What you should do ▸
Set down, exactly and with nothing added, the lines running from the one that holds "Velvet dining chair" to the final line of the records. Pictures stay out of the copy.

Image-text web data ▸
___
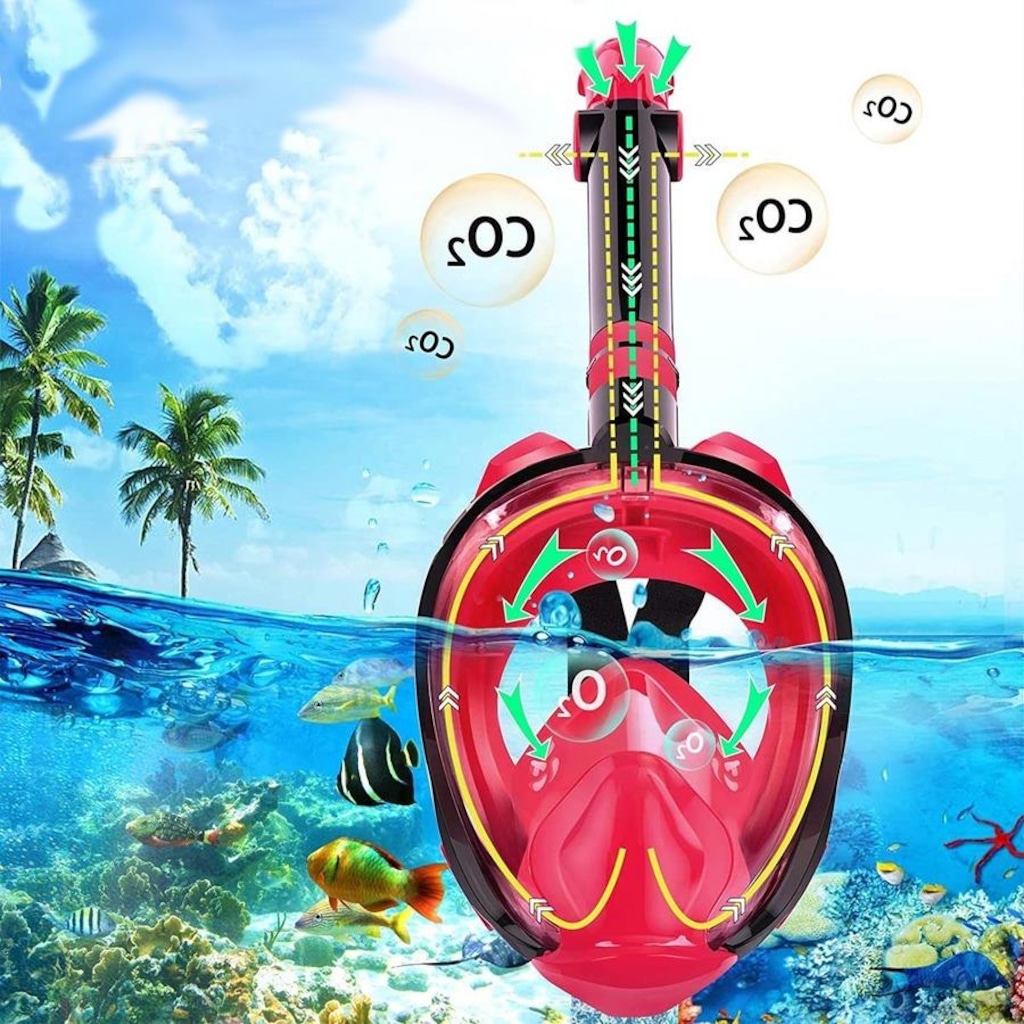 Imagem 4 do produto Mascara Subaquática de Mergulho Gold Sports Full Face com Snorkel - Adulto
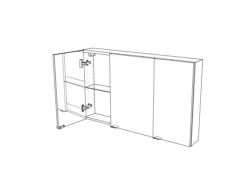 GoodHome Imandra Gloss Non Illuminated Wall-mounted Compact Mirrored Bathroom Cabinet (W)1000mm (H)600mm -Crystal Bathware goodhome imandra gloss non illuminated wall mounted compact mirrored bathroom cabinet w 1000mm h 600mm3663602933731 02t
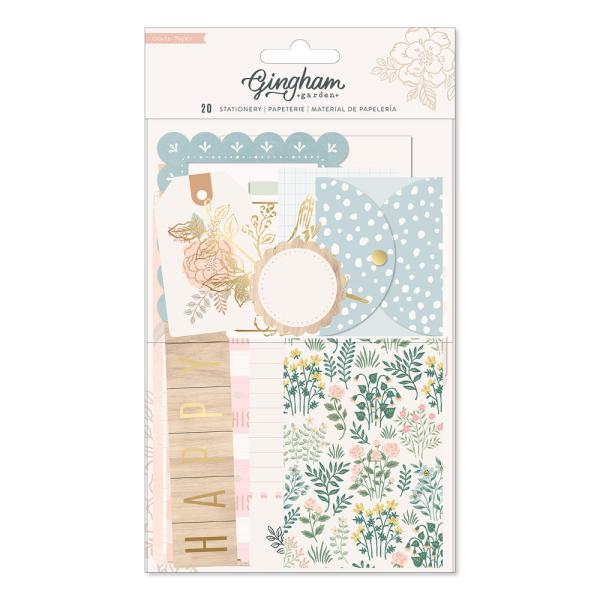 American Crafts - Stanzteile "Gingham Garden Stationary" Embellishments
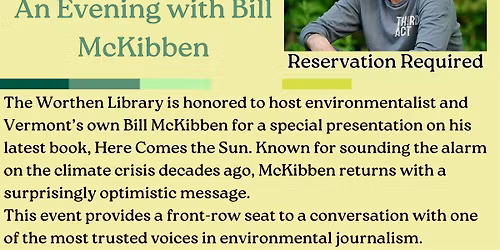 Here Comes The Sun: An Evening with Bill McKibben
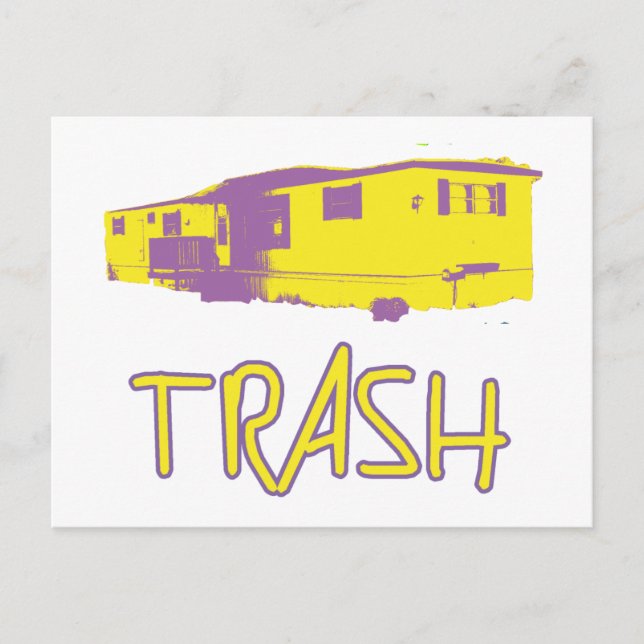 Cartão Postal Trailer White Park Trash Pobre Buraco Vermelho (Frente)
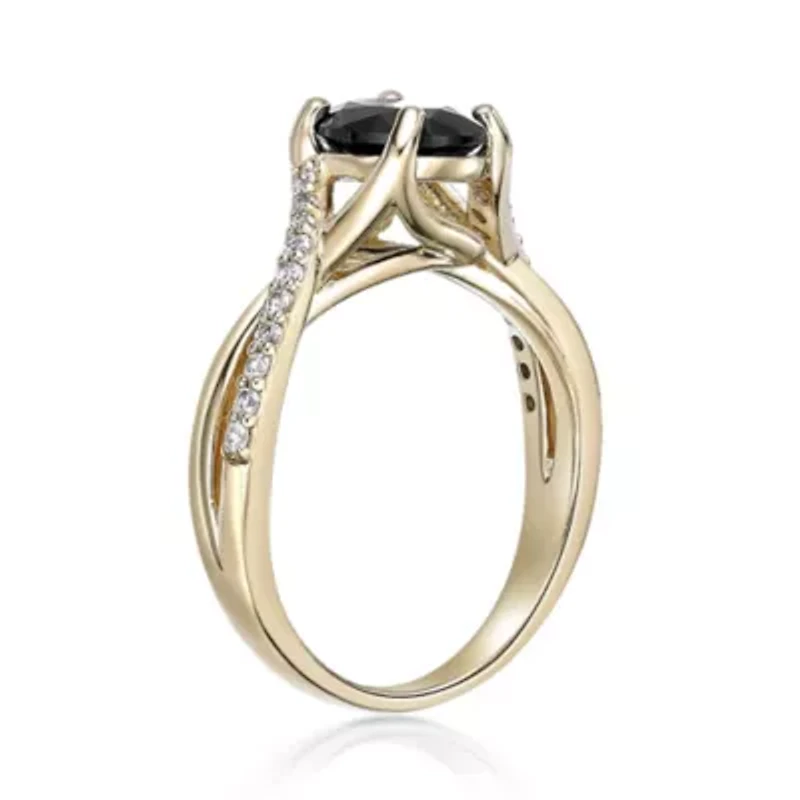 Black Onyx and Lab-Created White Sapphire Ring 2 micron 18k Gold-Plated Sterling Silver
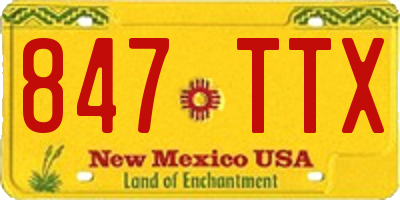 NM license plate 847TTX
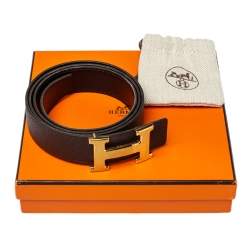 Pre Owned Hermes Black/Chocolate Chamonix and Togo Leather Constance Reversible Belt 100 CM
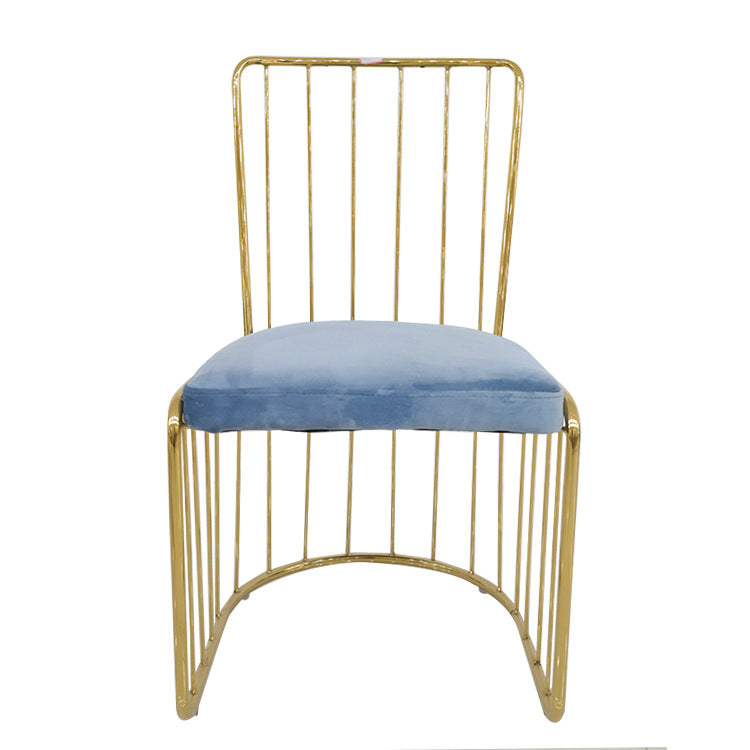Velvet dining chair -  solid wood dining chair with armrests - light luxury, high-end backrest chair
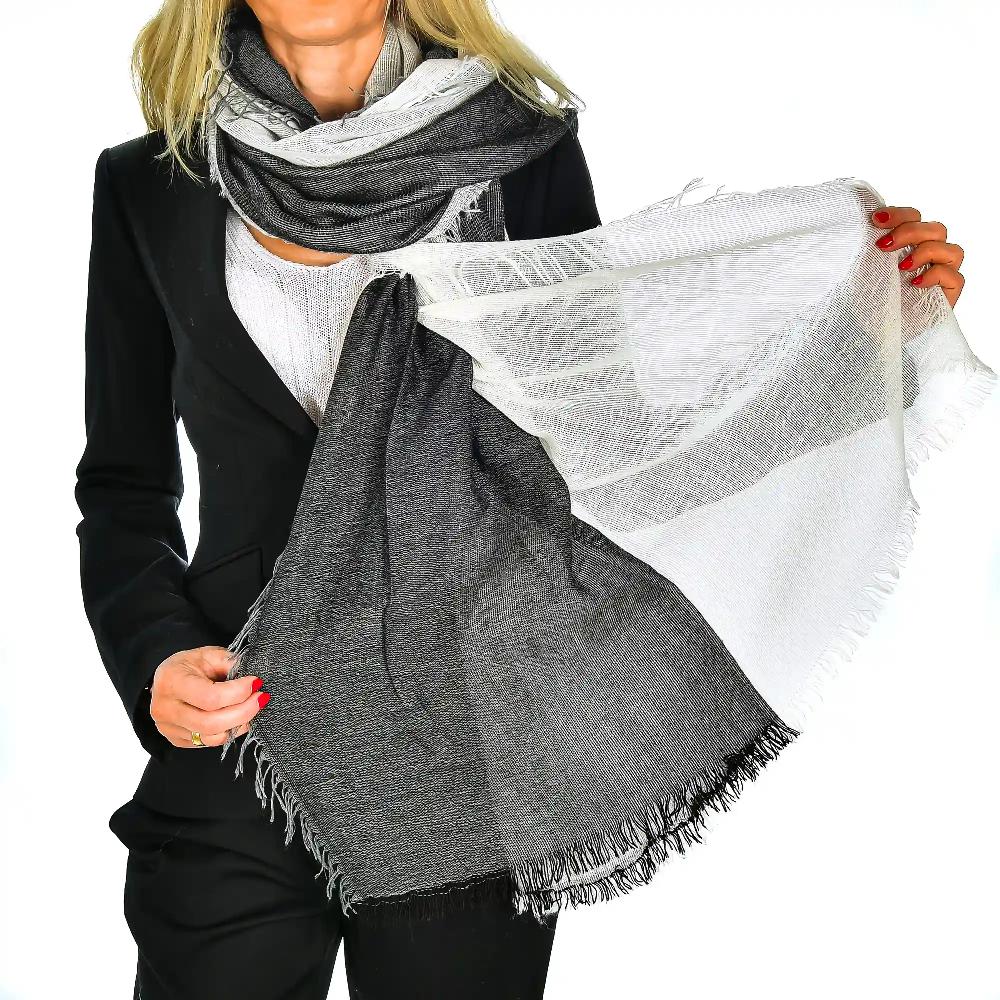 Firenze artegiani Fular bufanda bicolor doble solapa modal y lana. Made in Italy Gran oferta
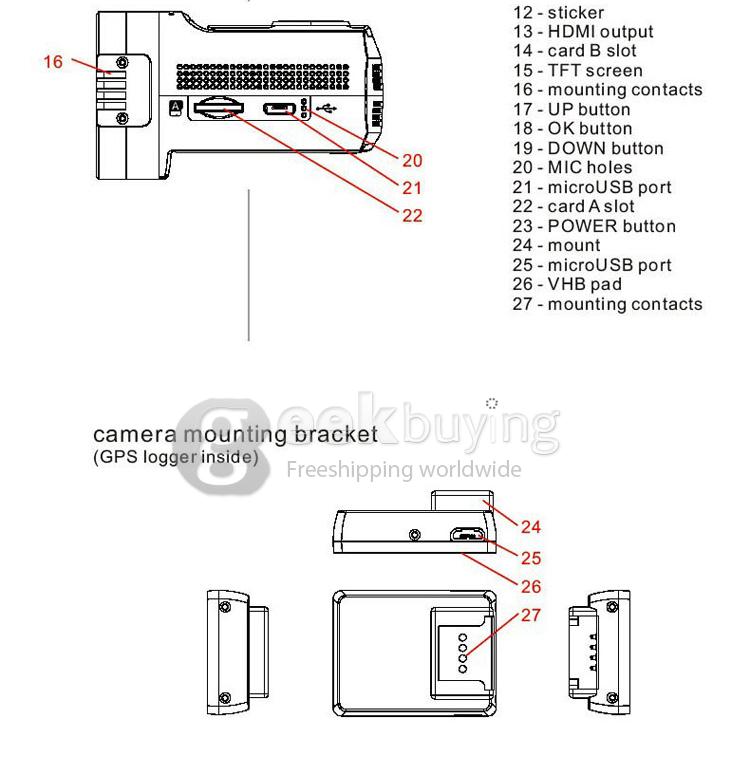 Mini 0806 1296P Ambarella A7LA50 Support 256G Car DVR Camera Video Recorder G-sensor Night Vision - Black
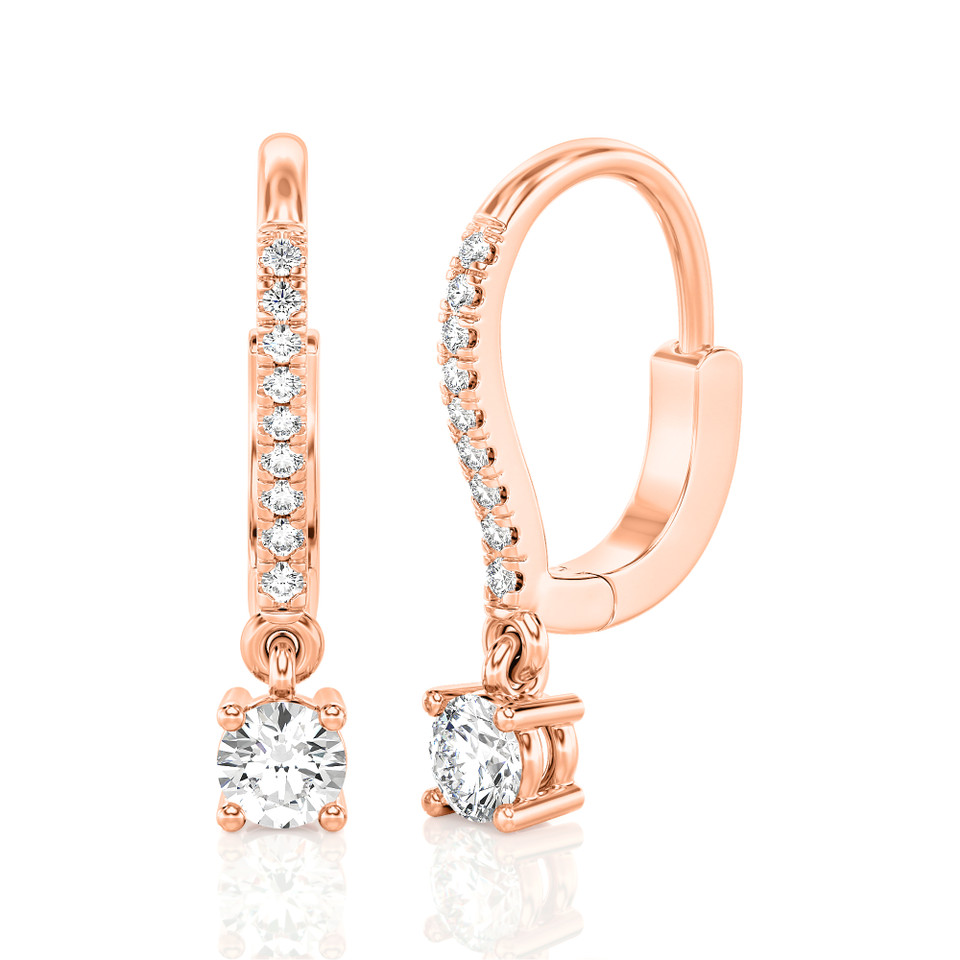 Round Diamond Drop Hoops Earrings (0.50 ct.tw.)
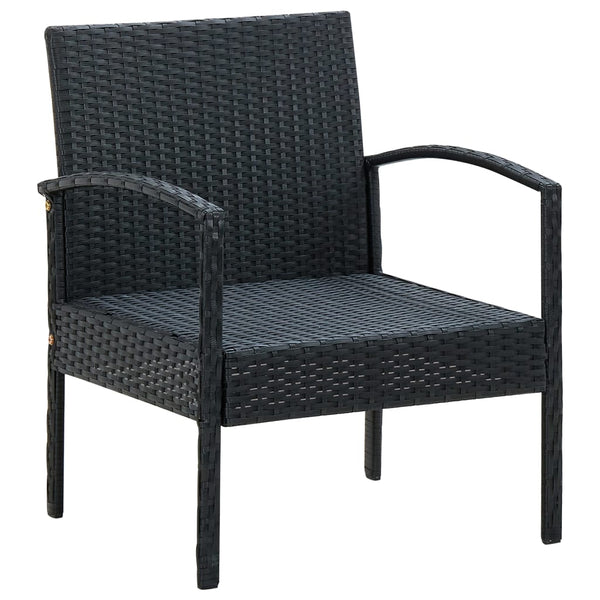 Garden Chair With Cushion Poly Rattan Black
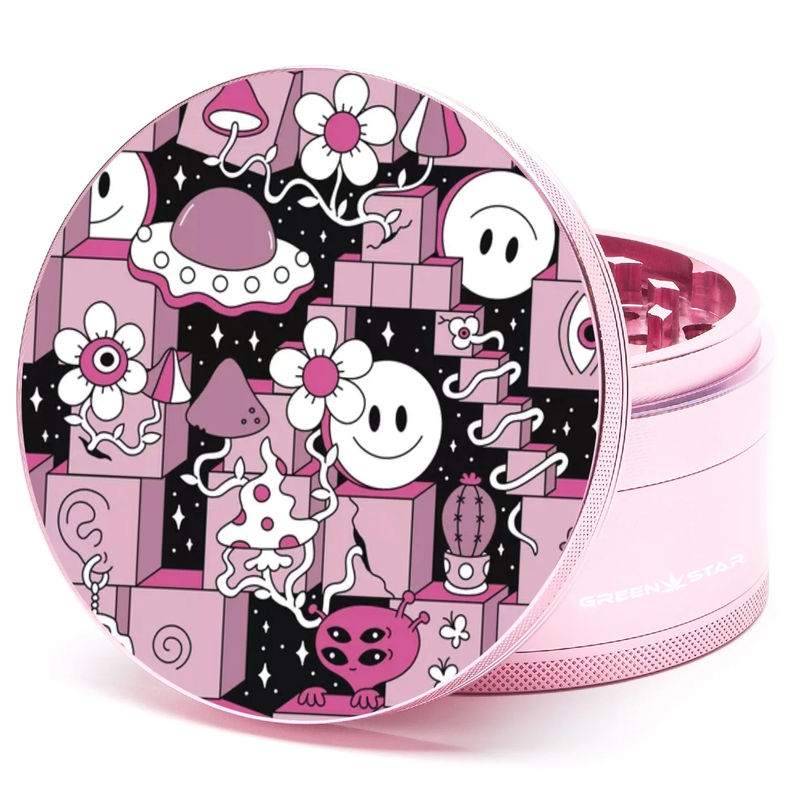 Green Star Scenic Large 4-Piece Grinder - Style:Block Trip - Color:Pink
___
Exercise answer ▸
Velvet dining chair -  solid wood dining chair with armrests - light luxury, high-end backrest chair
 Firenze artegiani Fular bufanda bicolor doble solapa modal y lana. Made in Italy Gran oferta
 Mini 0806 1296P Ambarella A7LA50 Support 256G Car DVR Camera Video Recorder G-sensor Night Vision - Black
 Round Diamond Drop Hoops Earrings (0.50 ct.tw.)
 Garden Chair With Cushion Poly Rattan Black
 Green Star Scenic Large 4-Piece Grinder - Style:Block Trip - Color:Pink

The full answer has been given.